SK: Suzanne, what inspired you to get into the carpet business?
It was by chance, actually. Dobson Floors was my first employer out of college. I was hired as a receptionist at one of our satellite stores. Within my first year at the company, I became an “in-house” decorator working with custom home builder customers. Over the past twenty-two years, I have held various sales positions, moved into management and eventually became president of the company.

I love the industry. I learn something new everyday. If you find a good company to call “home”, you can achieve really great things through integrity and hard work.

SK: What made you take the retail approach you've taken?
To be honest, I’m fine tuning my retail approach constantly. Two things that we try to remain consistent on are providing premium quality products and outstanding customer service. We try to always reflect this in both our product merchandising and marketing/advertising pieces. Although we offer some exceptional values, our brand message is not to be a “discount house”.

SK: How do consumers, especially women consumers, react to your store experience?
The most consistent feedback that I get from consumers is that they are amazed at the product selection that we offer and that our salespeople are incredibly knowledgeable about these products.

We have product training sessions almost every week. We have a really great group of people that strive to be “flooring consultants” as opposed to simply “salespeople”. Consumers really seem to appreciate that difference.

SK: How do you keep up with trends?
We are fortunate to be a member of Flooring America. They invest incredible amounts of resources on tracking flooring trends globally, nationally, as well as regionally, and they share this information with their membership.

On a personal level, I am involved in different types of affiliations and networking groups that allow me the opportunity to share information with other floor covering professionals and members of the A&D community. I also try to read a lot of design magazines [two favorites are Metropolitan Home and Architectural Digest] and attend trade shows whenever possible.

SK: How do you showcase trends to consumers?
We update product samples constantly so they reflect current trends and offer our customers as wide a range of choices as possible. Products that we choose to keep in stock inventory are displayed prominently in the store.

In addition to product samples, I make sure that our display floors are kept as up to date as possible, changing approximately once a year. I also regularly create grouted mini-boards with different tile/listello combinations that act as "idea starters" for customers.

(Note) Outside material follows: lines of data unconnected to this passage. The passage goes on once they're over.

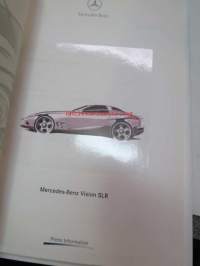 Mercedes-Benz Vision SLR Press Information - lehdistötiedotekansio värikuvineen ja tietoineen, urheiluauton konseptin esittelyä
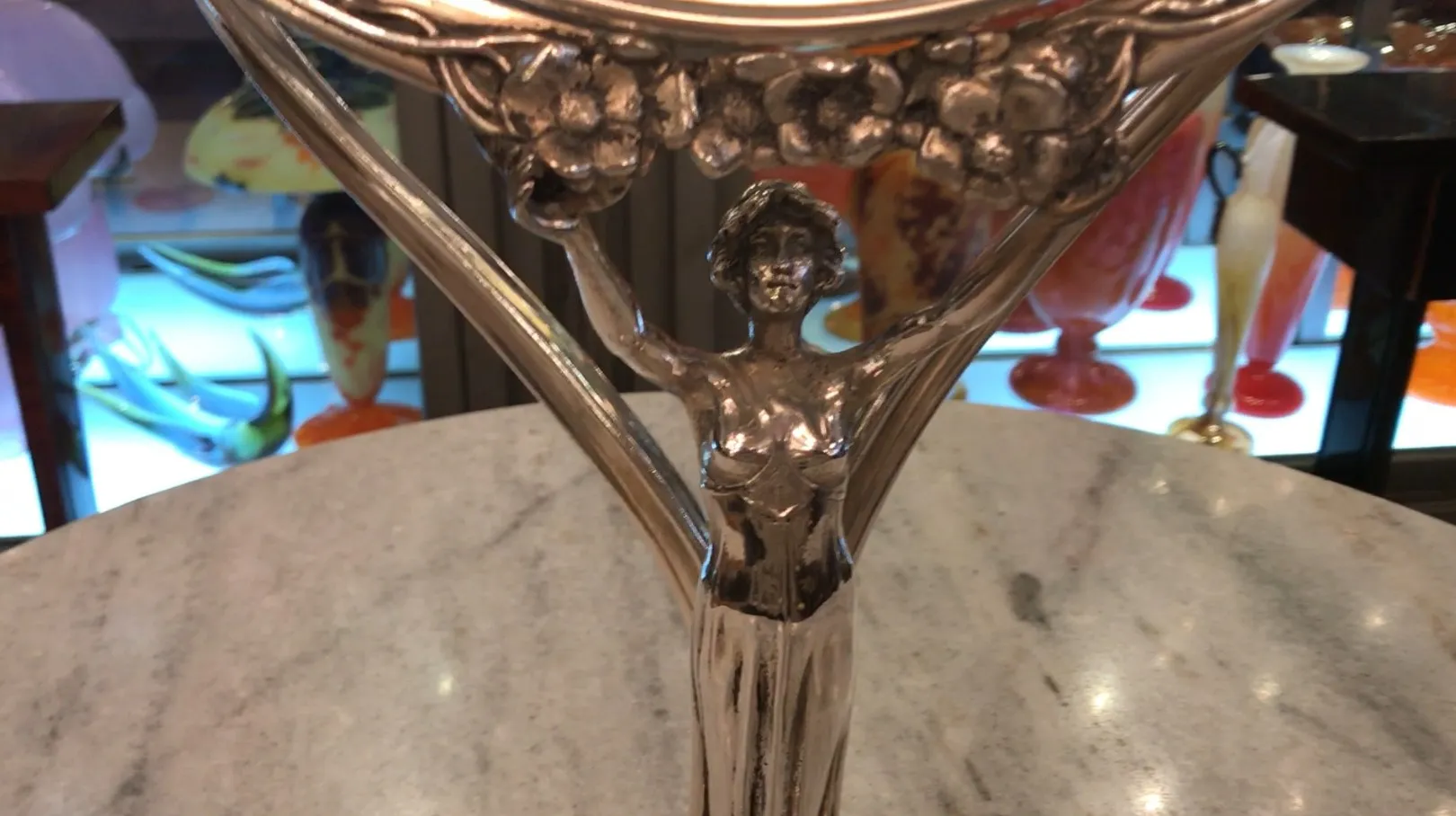 espejo antiguo con figura decorativa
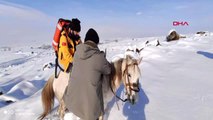 Erzurum sağlık ekibi, atla geldikleri köydeki hastayı kızakla götürdü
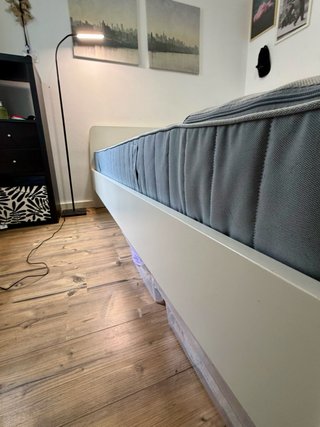 Cama con Colchón IKEA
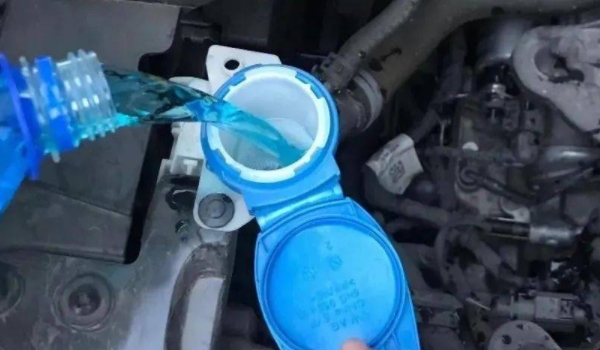 新买的车需要加水吗 不需要进行加水（可以加入玻璃水来使用）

SK: What other special steps do you take to be different in your community?
We have been fortunate to have been selected as the Outstanding Floorcovering Supplier by the Consumers Choice Award since its inception in the Dallas/Fort Worth area. This has been a great honor for us since it is voted on by members of our local community.

Additionally, we have contributed to Habitat for Humanity and the “Go Red for Women” Campaign from the American Heart Association.

Thank you, Suzanne!

I asked Sonya to describe the store as a consumer would see it, and help put the pictures above into perspective.

When you walk into the store, it is divided into two areas. To the left is hard surface and to the right is soft surface, with Karastan immediately visible.

The showroom is very open and draws one inside the store to see more. The displays on the soft surface side [see photo right] are low enough that the whole showroom is visible. That's very shopper-friendly!

The tiled kitchen vignette with marble counter top pictured above shows the view immediately to your left as you enter the hard surface side of the store. It acts as a visual "entrance" into the tile area.

Notice from the photos how the store doesn't follow a rigid format. Displays and vignettes break up the space, creating interesting inspirational spaces that engage the shopper.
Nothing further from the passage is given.